今回取り上げるグスタフ・クリムトはその運動の中心的存在でした。
世紀末という混迷な時代を生きた彼は伝統に立ち向かい、独自の作品を追求しました。
今回はそんなクリムトの生涯と、彼の作品についてまとめていきます。
クリムト:誕生~分離派以前
クリムトの活躍した時代は”世紀末ウィーン”とよく呼ばれます。
彼はまさに世紀末、19世紀の終わりから20世紀の初頭にかけて活躍した画家です。
彼は1862年にウィーン郊外のバウムガルテンに彫金師の子として生まれました。
奨学金を得て、14歳で工芸美術学校に入学します。
画像出展元:テレビ番組「アート・ステージ~画家たちの美の饗宴~」より
卒業後には、同じく画家の弟エルンストや友人のフランツ・マッチュと、壁画などの劇場の装飾を制作する仕事をはじめます。
画像出展元:テレビ番組「アート・ステージ~画家たちの美の饗宴~」より
当時のウィーンは都市開発の真っただ中で、「リング計画」と呼ばれる大通りが造られていました。

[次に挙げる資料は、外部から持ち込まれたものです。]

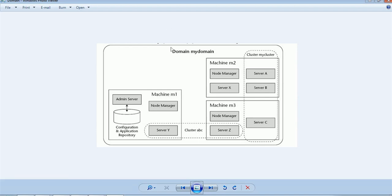Your domain could be spread across multiple machines, and you could have a vertical or horizontal cluster of managed servers. In this diagram there are three machines — M1, M2, and M3 — on which the WebLogic domain has been configured. On each machine there is a node manager process, which is mainly used to start and stop the servers remotely. From your admin console you can start and stop servers if the node manager process is up and running.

それに伴い、劇場の建設などインフラ設備も整えるため、芸術家には多くの仕事の場が与えられました。
クリムトはリング計画の一環で建てられたブルク劇場やウィーン美術史美術館の壁画を手掛けています。
またブルク劇場の天井画については、時の皇帝フランツ・ヨーゼフから勲章を与えられています。
《旧ブルク劇場の観客席》1888年
グスタフ・クリムト
ウィーン・ミュージアム
ウィーン市議会から依頼され制作した、こちらの《旧ブルク劇場の観客席》では、第一回の皇帝賞を受賞。
クリムトの名を世に知らしめる作品になりました。
《水蛇Ⅰ》
《水蛇Ⅰ》1904/1907年
グスタフ・クリムト
ベルヴェデーレ宮オーストリア絵画館蔵
絵画の制作にも力を入れ始めたクリムトが、その初期から取り上げたのが「女性の官能美」です。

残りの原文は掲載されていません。